3
votes

I always have a strange 0.04 ms overhead when working with memory in CUDA on my old GeForce 8800GT. I need to transfer ~1-2K to constant memory of my device, work with that data on it and get only one float value from the device.

I have a typical code using GPU calculation:

//allocate all the needed memory: pinned, device global
for(int i = 0; i < 1000; i++)
{
    //Do some heavy cpu logic (~0.005 ms long)        
    cudaMemcpyToSymbolAsync(const_dev_mem, pinned_host_mem, mem_size, 0, cudaMemcpyHostToDevice);
    my_kernel<<<128, 128>>>(output);
    //several other calls of different kernels
    cudaMemcpy((void*)&host_output, output, sizeof(FLOAT_T), cudaMemcpyDeviceToHost);
    // Do some logic with returned value 
}

I decided to measure the speed of work with GPU memory with this code (commented all kernel calls, added cudaDeviceSynchronize call):

//allocate all the needed memory: pinned, device global
for(int i = 0; i < 1000; i++)
{
    //Do some heavy cpu logic (~0.001 ms long)        
    cudaMemcpyToSymbolAsync(const_dev_mem, pinned_host_mem, mem_size, 0, cudaMemcpyHostToDevice);
    cudaMemcpyAsync((void*)&host_output, output, sizeof(FLOAT_T), cudaMemcpyDeviceToHost);
    cudaDeviceSynchronize();
    // Do some logic with returned value 
}

I've measured the execution time of the cycle and got ~0.05 sec (so, 0.05 ms per iteration). The strange thing is that when I try to do some more memory work (adding additional cudaMemcpyToSymbolAsync and cudaMemcpyAsync calls) I get additional <0.01 ms time per call. It corresponds with the research of this guy: http://www.cs.virginia.edu/~mwb7w/cuda_support/memory_transfer_overhead.html

He also got these 0.01 ms per transfer of 1K block to GPU. So where that 0.04 ms (0.05 - 0.01) overhead came from? Any ideas? May be I should try this code on a newer card?

It seems to me that after cudaDeviceSynchronize and CPU code my GeForce goes to some power saving mode or something like this.

1
0.05 ms is the average per iteration. If I were you I'll get all the times individually to see if it's a constant value. The first time is used to have an overhead.pQB
How do you assess the elapsed time? Do you call a CUDA function before entering to the loop, to eliminate the initialization cost of the device, like calling cudaFree(0).phoad
@pQB, yes, it's an average, but I think it shows the real picture of the time I get when excecuting the code from my external CPU code.
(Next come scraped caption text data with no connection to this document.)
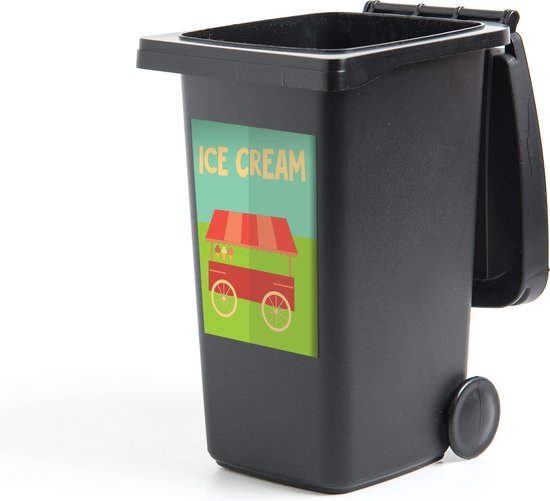 Container sticker Ijsco - Poster met ijscokar en quote ''ice cream'' Klikosticker - 40x60 cm - kliko sticker - weerbestendige containersticker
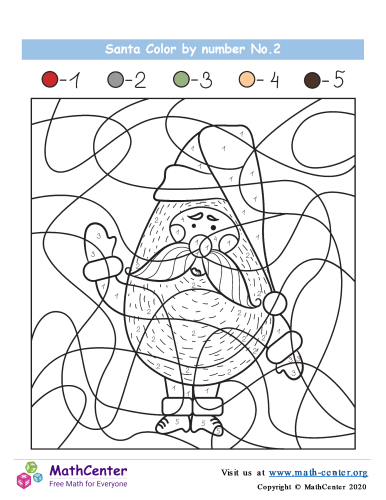 Color By Numbers - Santa No.2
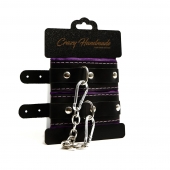 Черно-фиолетовые скругленные наручники с мягкой подкладкой - Crazy Handmade - купить с доставкой в Набережных Челнах
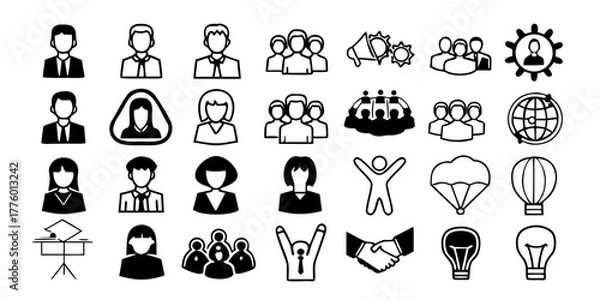 Fototapeta Illustration of various business and social icons including people groups and success related symbols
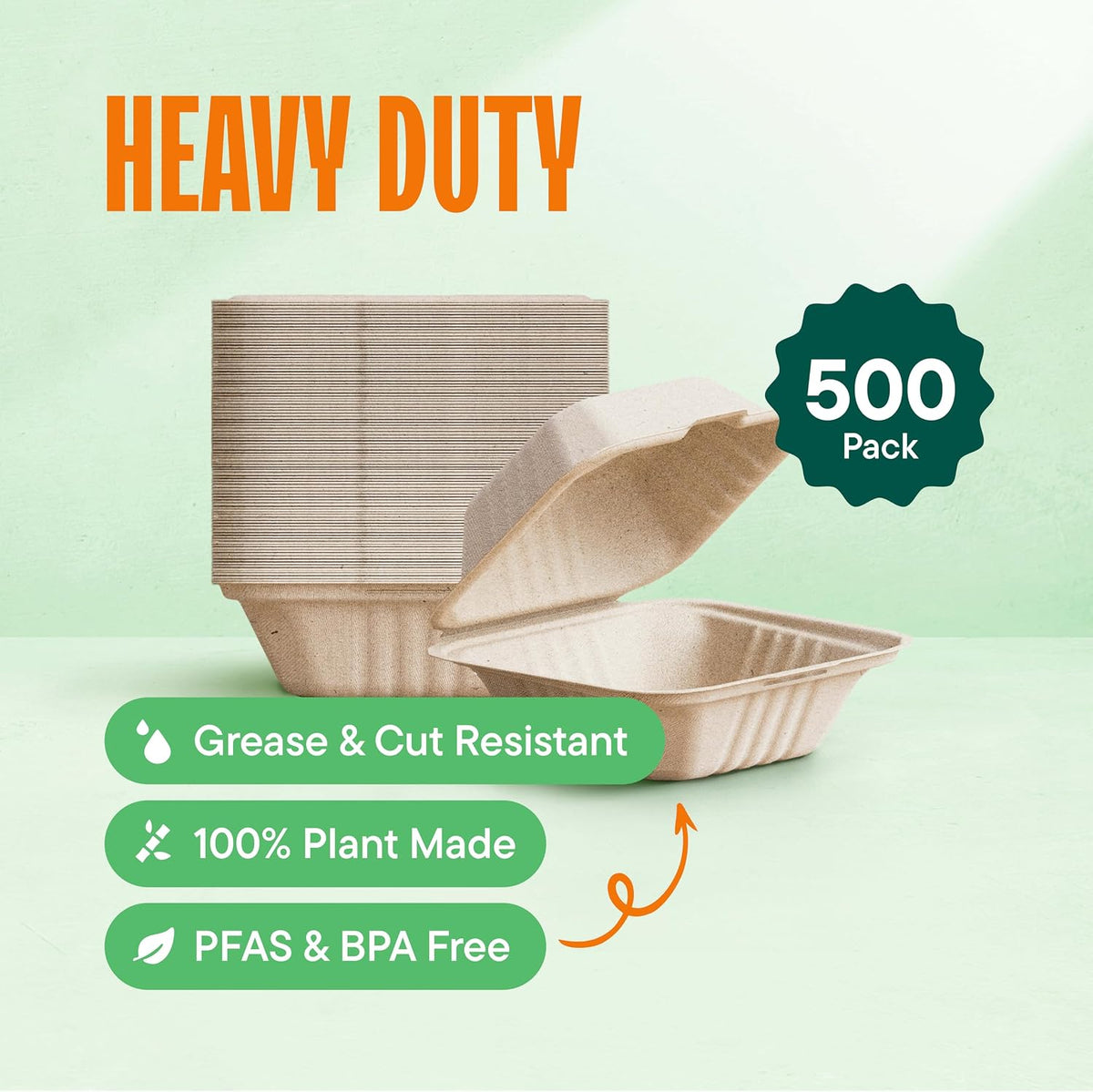 100% Compostable Clamshell Take Out Containers - 6x6 [500-Pack] Heavy Duty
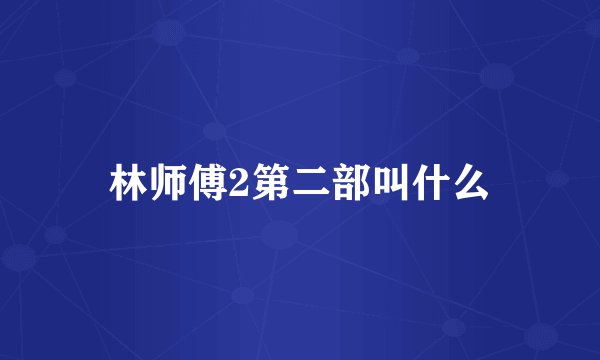 林师傅2第二部叫什么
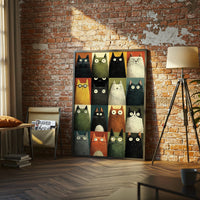 Illustrated Cats Aesthetic Home Art Wall Poster Print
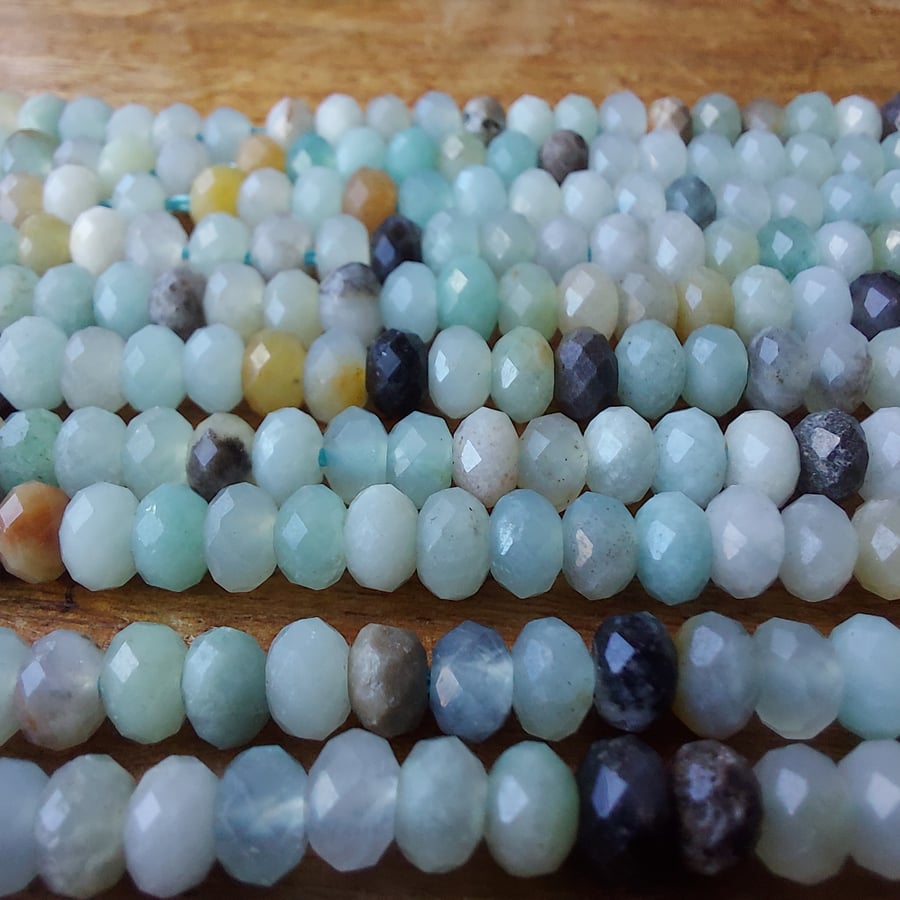 Amazonite Faceted Rondelles 15" Strand. 4 x 2 mm Size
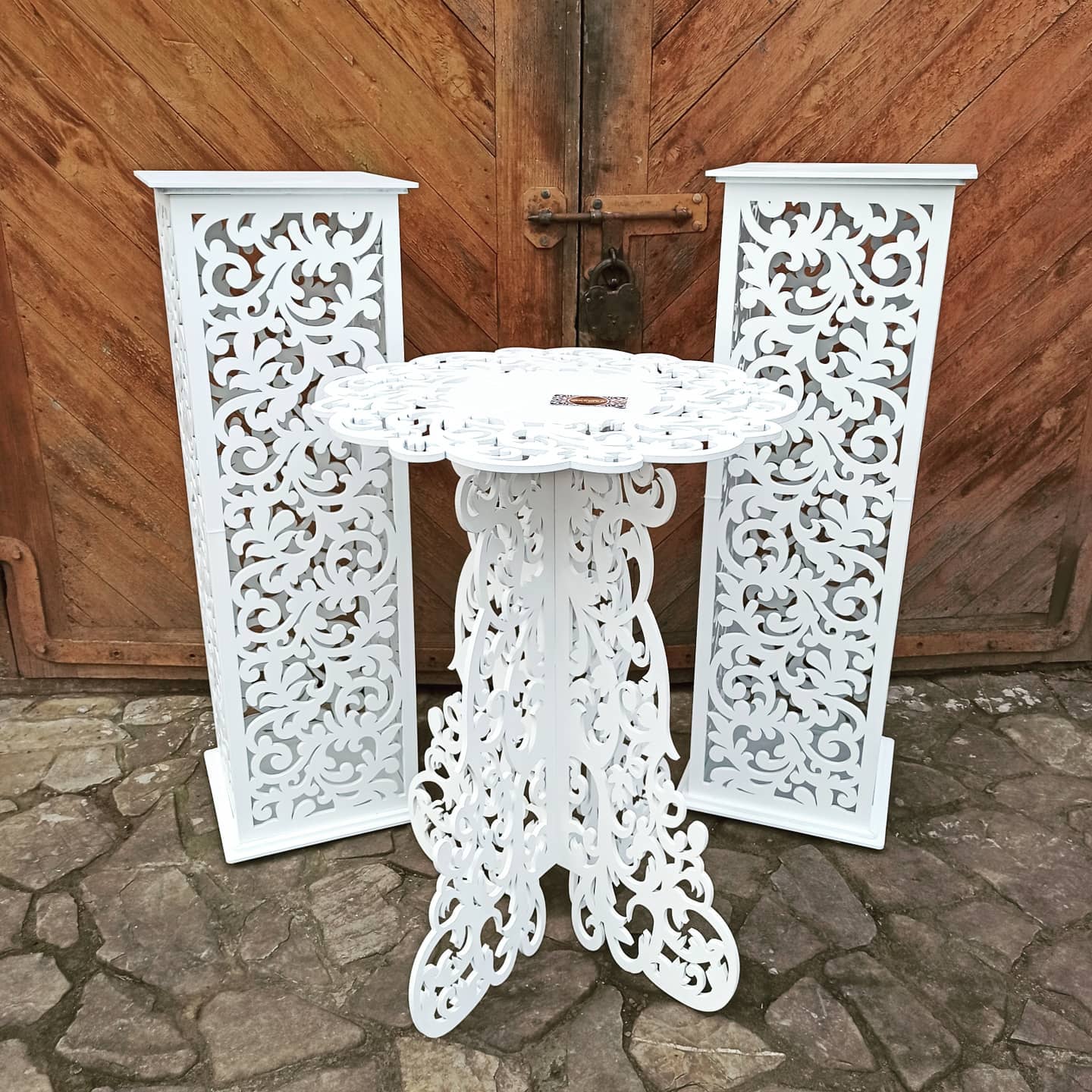 Table decorations accent boho lace plywood wooden wood white plant flower sweet cake stand pedestal baby shower birthday wedding event party prop shop photo booth arch victorian style decor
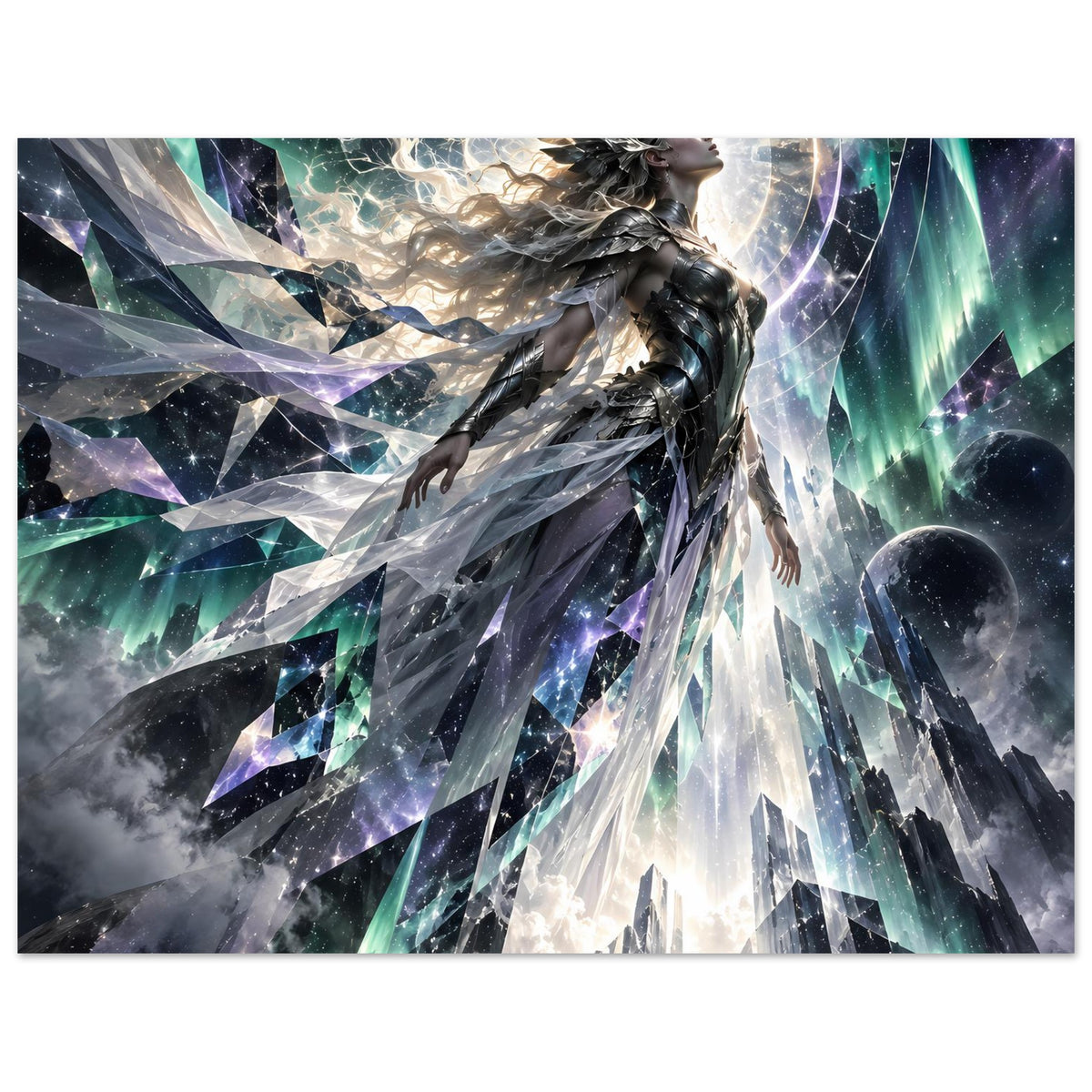 Horizontales Fantasy-Poster: Kriegerfigur mit silberner Rüstung, leuchtender Kreis im Hintergrund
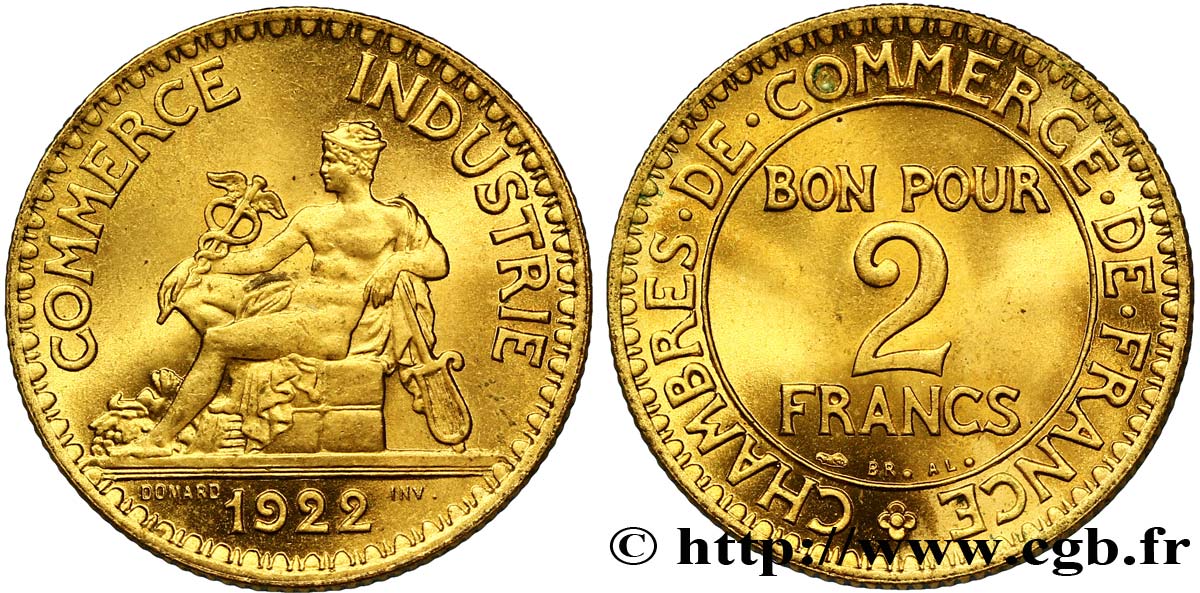 2 francs Chambres de Commerce 1922  F.267/4 fST63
When I change the iterations number from 1000 to, for example, 2000 I have twice the time I had before (as expected). The same happens when I set iterations number to 500 - the time decreases by 2 times.otter
@phoad, I just call GetSystemTime before and after the cycle. About some function call to initialize the device - could you be so kind to give me some links where I can read about it? One of my main versions of what is going on here is that the device is set to some "sleep mode" or something like this. That may happen after a heavy CPU code execution. I'm going to run some tests in which I'll try to eliminate the CPU execution.otter
stackoverflow.com/questions/11704681/… Just check this link. It has information about using a better CUDA-provided timer and how to eliminate initialization cost from timings..phoad

1 Answers

1
votes

I recommend you to increase the number of threads you are implementing

    //Use malloc() to allocate memory on CPU. 
    //Change mem_size to the total memory to be tranferred to GPU.        
    cudaMemcpyToSymbolAsync(const_dev_mem, pinned_host_mem, mem_size, 0, cudaMemcpyHostToDevice);
    dim3 dimBlock(128,2);
    dim3 dimGrid(64000,1);
    my_kernel<<<dimGrid, dimBlock>>>(output);
    //several other calls of different kernels
    //change size field to 1000*sizeof(FLOAT_T)
    cudaMemcpy((void*)&host_output, output, sizeof(FLOAT_T), cudaMemcpyDeviceToHost);
    // Do some logic with returned value 

If the code crashes (because of more threads or more GPU memory), use loops. But, make them less.